Dataset items:
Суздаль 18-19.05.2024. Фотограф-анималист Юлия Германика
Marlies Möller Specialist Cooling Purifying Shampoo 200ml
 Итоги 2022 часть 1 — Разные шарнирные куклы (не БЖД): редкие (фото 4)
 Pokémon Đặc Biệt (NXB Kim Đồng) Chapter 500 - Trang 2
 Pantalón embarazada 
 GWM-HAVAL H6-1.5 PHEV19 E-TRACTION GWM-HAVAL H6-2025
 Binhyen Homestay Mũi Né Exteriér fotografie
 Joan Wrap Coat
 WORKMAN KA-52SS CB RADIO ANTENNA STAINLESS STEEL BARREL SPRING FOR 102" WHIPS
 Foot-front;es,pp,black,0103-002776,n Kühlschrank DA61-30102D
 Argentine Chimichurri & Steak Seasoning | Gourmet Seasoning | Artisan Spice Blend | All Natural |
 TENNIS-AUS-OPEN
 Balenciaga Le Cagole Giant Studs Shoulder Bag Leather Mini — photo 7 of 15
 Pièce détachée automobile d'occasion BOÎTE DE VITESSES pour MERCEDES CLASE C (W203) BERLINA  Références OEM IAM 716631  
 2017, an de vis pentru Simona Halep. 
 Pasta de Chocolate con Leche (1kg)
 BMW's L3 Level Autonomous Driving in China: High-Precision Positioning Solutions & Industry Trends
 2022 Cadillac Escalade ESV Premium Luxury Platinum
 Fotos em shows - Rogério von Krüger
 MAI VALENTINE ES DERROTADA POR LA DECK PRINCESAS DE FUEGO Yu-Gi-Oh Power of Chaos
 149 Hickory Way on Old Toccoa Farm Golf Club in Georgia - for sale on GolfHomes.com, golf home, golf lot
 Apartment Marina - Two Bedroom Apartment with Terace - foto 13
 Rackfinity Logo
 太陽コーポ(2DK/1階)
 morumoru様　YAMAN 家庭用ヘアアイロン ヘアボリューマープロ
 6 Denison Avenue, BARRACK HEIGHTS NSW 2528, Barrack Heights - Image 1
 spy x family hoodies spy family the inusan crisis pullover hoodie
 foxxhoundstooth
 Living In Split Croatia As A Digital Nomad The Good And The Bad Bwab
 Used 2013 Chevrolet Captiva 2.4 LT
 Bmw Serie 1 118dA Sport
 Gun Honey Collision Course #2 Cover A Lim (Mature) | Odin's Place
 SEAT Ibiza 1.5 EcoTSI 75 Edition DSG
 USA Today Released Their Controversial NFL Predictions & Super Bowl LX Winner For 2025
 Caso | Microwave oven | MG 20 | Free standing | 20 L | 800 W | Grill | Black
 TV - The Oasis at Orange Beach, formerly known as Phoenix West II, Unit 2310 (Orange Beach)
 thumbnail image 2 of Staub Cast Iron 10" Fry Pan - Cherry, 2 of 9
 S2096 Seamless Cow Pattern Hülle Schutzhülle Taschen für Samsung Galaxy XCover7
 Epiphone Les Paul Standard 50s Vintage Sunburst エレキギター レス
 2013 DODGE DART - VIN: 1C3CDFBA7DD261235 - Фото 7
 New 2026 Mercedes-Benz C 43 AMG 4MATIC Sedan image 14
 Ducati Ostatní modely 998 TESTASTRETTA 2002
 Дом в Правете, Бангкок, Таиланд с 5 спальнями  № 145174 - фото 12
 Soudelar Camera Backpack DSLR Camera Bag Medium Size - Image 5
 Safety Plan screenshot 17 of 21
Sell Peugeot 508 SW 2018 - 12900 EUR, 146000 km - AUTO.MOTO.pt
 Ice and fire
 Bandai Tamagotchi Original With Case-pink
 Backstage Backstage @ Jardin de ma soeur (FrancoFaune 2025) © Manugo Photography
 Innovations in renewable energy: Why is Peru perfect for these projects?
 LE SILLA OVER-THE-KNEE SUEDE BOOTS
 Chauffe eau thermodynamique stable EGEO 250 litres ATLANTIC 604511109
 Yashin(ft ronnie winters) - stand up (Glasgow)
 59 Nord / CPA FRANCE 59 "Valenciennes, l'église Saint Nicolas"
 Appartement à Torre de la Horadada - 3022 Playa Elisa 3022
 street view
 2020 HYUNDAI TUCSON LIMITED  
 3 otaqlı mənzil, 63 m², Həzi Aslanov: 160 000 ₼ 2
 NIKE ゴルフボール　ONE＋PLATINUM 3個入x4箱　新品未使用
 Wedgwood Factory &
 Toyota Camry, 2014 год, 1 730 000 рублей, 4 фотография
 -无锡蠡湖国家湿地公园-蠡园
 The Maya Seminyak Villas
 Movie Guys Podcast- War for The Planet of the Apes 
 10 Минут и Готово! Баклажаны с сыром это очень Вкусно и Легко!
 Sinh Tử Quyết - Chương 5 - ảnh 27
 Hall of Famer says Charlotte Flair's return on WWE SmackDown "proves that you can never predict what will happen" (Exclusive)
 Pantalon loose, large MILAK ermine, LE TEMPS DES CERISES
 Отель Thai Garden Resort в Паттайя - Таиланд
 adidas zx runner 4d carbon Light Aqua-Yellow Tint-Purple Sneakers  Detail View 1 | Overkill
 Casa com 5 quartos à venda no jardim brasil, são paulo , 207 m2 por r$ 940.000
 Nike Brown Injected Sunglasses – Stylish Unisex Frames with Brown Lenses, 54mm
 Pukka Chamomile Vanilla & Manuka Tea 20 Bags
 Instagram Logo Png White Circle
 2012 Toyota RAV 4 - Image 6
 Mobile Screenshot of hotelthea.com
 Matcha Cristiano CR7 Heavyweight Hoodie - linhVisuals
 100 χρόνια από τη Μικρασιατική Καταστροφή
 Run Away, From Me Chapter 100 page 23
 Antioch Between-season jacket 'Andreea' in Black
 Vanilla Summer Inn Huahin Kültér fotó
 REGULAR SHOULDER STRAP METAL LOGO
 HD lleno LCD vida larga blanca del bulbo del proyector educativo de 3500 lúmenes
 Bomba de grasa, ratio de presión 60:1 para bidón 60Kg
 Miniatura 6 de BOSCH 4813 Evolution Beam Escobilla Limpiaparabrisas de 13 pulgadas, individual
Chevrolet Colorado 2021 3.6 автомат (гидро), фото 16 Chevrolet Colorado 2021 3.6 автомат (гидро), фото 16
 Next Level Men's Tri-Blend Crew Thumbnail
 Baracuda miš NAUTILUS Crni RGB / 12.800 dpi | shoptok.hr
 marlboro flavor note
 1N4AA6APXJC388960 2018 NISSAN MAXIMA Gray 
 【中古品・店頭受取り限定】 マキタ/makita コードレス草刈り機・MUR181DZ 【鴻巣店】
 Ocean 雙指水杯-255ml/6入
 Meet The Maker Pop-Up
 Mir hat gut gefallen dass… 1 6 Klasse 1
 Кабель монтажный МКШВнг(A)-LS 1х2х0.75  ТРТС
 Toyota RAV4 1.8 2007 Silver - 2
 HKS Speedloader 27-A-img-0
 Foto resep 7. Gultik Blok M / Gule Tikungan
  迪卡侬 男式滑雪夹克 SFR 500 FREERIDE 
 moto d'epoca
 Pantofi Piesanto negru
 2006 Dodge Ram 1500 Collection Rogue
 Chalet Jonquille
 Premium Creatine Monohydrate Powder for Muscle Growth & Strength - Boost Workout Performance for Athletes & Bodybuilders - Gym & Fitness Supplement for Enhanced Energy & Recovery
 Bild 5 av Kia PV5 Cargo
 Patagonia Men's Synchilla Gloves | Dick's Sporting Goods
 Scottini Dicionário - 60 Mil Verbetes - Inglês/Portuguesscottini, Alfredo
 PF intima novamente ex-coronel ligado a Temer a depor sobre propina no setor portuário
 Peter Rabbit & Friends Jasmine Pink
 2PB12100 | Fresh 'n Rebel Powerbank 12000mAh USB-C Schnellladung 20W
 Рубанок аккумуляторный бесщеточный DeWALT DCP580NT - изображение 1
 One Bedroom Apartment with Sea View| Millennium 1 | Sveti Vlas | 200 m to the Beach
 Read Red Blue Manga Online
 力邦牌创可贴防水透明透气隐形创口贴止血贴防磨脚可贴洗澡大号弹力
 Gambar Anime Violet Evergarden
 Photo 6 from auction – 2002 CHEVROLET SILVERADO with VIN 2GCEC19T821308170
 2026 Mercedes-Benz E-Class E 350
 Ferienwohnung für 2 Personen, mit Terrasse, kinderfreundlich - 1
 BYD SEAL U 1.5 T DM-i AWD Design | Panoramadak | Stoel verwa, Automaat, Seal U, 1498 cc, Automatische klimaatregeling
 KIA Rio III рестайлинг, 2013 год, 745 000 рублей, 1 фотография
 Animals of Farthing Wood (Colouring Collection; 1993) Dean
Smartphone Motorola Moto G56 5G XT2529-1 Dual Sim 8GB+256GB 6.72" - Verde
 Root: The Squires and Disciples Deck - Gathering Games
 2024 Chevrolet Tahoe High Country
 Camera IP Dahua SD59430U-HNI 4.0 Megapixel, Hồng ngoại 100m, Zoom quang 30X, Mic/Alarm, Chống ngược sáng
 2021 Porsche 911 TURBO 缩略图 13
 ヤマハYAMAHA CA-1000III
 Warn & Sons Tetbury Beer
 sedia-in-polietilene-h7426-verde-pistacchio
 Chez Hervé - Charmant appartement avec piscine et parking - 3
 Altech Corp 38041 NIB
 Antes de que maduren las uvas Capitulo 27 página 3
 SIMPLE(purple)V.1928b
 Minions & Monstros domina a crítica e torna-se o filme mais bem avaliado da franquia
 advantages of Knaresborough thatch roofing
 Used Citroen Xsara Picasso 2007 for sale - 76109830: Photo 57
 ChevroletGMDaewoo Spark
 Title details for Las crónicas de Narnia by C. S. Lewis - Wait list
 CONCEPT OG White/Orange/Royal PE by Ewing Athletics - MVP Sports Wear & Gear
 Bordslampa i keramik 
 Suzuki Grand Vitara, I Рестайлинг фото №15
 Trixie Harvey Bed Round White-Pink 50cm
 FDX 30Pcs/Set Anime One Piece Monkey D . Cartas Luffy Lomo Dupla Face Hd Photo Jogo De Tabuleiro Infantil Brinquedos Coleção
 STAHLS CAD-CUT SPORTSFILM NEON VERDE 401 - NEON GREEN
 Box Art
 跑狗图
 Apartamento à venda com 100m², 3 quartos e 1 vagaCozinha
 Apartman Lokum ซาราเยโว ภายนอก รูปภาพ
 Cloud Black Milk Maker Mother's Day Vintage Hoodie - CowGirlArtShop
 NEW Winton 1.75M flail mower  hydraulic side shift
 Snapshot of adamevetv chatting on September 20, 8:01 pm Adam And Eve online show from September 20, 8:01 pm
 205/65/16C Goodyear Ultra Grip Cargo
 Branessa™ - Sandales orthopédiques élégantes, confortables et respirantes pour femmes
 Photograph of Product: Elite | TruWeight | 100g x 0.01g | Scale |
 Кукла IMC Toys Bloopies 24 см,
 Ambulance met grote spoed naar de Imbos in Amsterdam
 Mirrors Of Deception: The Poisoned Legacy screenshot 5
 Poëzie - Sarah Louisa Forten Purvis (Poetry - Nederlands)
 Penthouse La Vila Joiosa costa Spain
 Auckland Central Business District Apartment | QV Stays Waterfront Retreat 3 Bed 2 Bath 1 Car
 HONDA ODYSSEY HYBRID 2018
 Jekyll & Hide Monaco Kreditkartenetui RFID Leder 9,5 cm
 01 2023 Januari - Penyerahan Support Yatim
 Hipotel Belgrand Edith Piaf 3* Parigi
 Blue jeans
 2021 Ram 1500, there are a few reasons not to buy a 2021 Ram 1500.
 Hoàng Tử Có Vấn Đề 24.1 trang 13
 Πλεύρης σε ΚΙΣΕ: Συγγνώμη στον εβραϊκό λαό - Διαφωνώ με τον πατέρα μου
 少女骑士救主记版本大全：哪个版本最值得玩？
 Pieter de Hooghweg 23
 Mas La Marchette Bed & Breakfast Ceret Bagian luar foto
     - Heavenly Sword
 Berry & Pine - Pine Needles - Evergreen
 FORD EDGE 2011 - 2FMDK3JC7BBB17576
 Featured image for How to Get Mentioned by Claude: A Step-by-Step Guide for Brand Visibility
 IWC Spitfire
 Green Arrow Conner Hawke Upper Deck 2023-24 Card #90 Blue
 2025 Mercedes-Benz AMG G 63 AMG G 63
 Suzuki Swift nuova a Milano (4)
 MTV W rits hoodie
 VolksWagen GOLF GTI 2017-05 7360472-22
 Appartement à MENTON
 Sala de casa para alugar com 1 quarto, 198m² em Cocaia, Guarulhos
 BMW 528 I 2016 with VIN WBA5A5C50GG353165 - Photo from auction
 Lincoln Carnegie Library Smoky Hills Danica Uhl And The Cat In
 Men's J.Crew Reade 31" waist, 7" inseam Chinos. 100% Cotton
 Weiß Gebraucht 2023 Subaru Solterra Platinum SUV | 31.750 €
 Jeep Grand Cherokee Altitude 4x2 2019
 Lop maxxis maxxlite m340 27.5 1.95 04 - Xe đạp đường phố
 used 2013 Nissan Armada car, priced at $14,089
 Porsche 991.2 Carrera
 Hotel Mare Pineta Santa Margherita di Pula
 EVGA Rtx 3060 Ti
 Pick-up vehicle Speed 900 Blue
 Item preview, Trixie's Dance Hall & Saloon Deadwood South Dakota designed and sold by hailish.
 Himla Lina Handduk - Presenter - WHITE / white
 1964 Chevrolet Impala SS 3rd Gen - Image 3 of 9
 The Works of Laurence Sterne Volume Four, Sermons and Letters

▶ _What is expected_:
Reproduce, character for character, only the lines of the preceding data that start at the line with "TENNIS-AUS-OPEN" and end at the line with "S2096 Seamless Cow", both included.

▶ _Problem solution_:
 TENNIS-AUS-OPEN
 Balenciaga Le Cagole Giant Studs Shoulder Bag Leather Mini — photo 7 of 15
 Pièce détachée automobile d'occasion BOÎTE DE VITESSES pour MERCEDES CLASE C (W203) BERLINA  Références OEM IAM 716631  
 2017, an de vis pentru Simona Halep. 
 Pasta de Chocolate con Leche (1kg)
 BMW's L3 Level Autonomous Driving in China: High-Precision Positioning Solutions & Industry Trends
 2022 Cadillac Escalade ESV Premium Luxury Platinum
 Fotos em shows - Rogério von Krüger
 MAI VALENTINE ES DERROTADA POR LA DECK PRINCESAS DE FUEGO Yu-Gi-Oh Power of Chaos
 149 Hickory Way on Old Toccoa Farm Golf Club in Georgia - for sale on GolfHomes.com, golf home, golf lot
 Apartment Marina - Two Bedroom Apartment with Terace - foto 13
 Rackfinity Logo
 太陽コーポ(2DK/1階)
 morumoru様　YAMAN 家庭用ヘアアイロン ヘアボリューマープロ
 6 Denison Avenue, BARRACK HEIGHTS NSW 2528, Barrack Heights - Image 1
 spy x family hoodies spy family the inusan crisis pullover hoodie
 foxxhoundstooth
 Living In Split Croatia As A Digital Nomad The Good And The Bad Bwab
 Used 2013 Chevrolet Captiva 2.4 LT
 Bmw Serie 1 118dA Sport
 Gun Honey Collision Course #2 Cover A Lim (Mature) | Odin's Place
 SEAT Ibiza 1.5 EcoTSI 75 Edition DSG
 USA Today Released Their Controversial NFL Predictions & Super Bowl LX Winner For 2025
 Caso | Microwave oven | MG 20 | Free standing | 20 L | 800 W | Grill | Black
 TV - The Oasis at Orange Beach, formerly known as Phoenix West II, Unit 2310 (Orange Beach)
 thumbnail image 2 of Staub Cast Iron 10" Fry Pan - Cherry, 2 of 9
 S2096 Seamless Cow Pattern Hülle Schutzhülle Taschen für Samsung Galaxy XCover7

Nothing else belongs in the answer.